Newsweek International

| February 28, 2005 | Rogoff, Kenneth | COPYRIGHT 2005 Newsweek, Inc. All rights reserved. Any reuse, distribution or alteration without express written permission of Newsweek is prohibited. For permission: www.newsweek.com. This material is published under license from the publisher through the Gale Group, Farmington Hills, Michigan.  All inquiries regarding rights should be directed to the Gale Group. (Hide copyright information)Copyright

Byline: Kenneth Rogoff (Rogoff is professor of economics and Thomas D. Cabot Professor of Public Policy, Harvard University.)

Politicians around the world seem convinced that if only China would stop tilting the scales of international currency rates, many of their economic woes would just melt away. If only Chinese goods weren't so temptingly cheap, Americans, currently engaged in the borrowing rampage of the millennium, would suddenly rediscover their Puritan roots. Mexicans, South Africans and, who knows, maybe even Europeans might see manufacturing plants again sprouting on their soil, instead of packing up and moving to China. The popular view is that by maintaining its decadelong peg to the dollar, China has prevented the natural currency appreciation that fast-growing economies normally experience.

Well, here is the news. China probably will allow its currency, the yuan, to strengthen a little bit against the dollar sometime later this year. But, although on balance this will be a good thing for everyone, it is hardly going to reshape the patterns of 21st-century economic growth.
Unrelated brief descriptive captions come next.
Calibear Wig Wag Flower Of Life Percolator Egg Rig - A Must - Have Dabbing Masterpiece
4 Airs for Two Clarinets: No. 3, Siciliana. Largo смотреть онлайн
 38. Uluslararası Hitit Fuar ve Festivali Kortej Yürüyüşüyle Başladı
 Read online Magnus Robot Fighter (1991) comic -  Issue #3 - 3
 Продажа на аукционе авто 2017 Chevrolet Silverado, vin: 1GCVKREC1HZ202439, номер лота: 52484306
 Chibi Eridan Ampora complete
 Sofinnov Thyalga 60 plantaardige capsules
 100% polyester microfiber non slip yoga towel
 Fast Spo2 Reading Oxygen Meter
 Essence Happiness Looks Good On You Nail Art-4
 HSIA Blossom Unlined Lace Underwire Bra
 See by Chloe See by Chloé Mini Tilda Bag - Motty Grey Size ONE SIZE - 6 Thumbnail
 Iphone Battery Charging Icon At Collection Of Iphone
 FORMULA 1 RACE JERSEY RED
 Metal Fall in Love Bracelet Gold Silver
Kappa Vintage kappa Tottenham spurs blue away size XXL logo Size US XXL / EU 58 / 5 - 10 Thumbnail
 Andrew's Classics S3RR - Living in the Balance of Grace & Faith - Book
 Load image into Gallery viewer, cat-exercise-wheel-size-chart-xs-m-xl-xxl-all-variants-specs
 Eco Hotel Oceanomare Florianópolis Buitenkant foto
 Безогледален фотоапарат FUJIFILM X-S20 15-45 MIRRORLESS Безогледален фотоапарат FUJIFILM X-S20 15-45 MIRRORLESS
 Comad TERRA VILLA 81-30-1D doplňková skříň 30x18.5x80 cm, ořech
Think about the United States, whose citizens have yet to realize that if they go on spending more than they earn, year after year, they will collectively go broke. In 2004, the United States spent about $600 billion more than it earned. Sure, if you look just at China's bilateral trade with the United States, it appears to be responsible for $80 billion of the problem. But this widely cited figure is something of an accounting illusion because, for many goods, China is just the last stop in a complex global manufacturing chain. High-end components are imported into China for final assembly and transshipment to the United States. Those nifty liquid-crystal computer screens may say made in china but they ought to say final assembly in china. Indeed, only 20 percent of the typical product imported by the United States from China actually represents Chinese value added. Since an appreciation of the yuan is not going to affect the cost of the other 80 percent, it is going to have only a limited effect on price.

Of course, if China devalues its exchange rate, there is every reason to believe that other Asian currencies would follow. Even so, the impact is likely to disappoint those who think that the exchange-rate misalignments account for the lion's share of the United States' borrowing problems. U.S. Federal Reserve chairman Alan Greenspan is among those who recently voiced optimism that the dollar's decline to date will slice a big chunk off the U.S. deficit. Unfortunately, extensive empirical experience tells us otherwise. Middle-of-the-road estimates of how trade responds to exchange rates ...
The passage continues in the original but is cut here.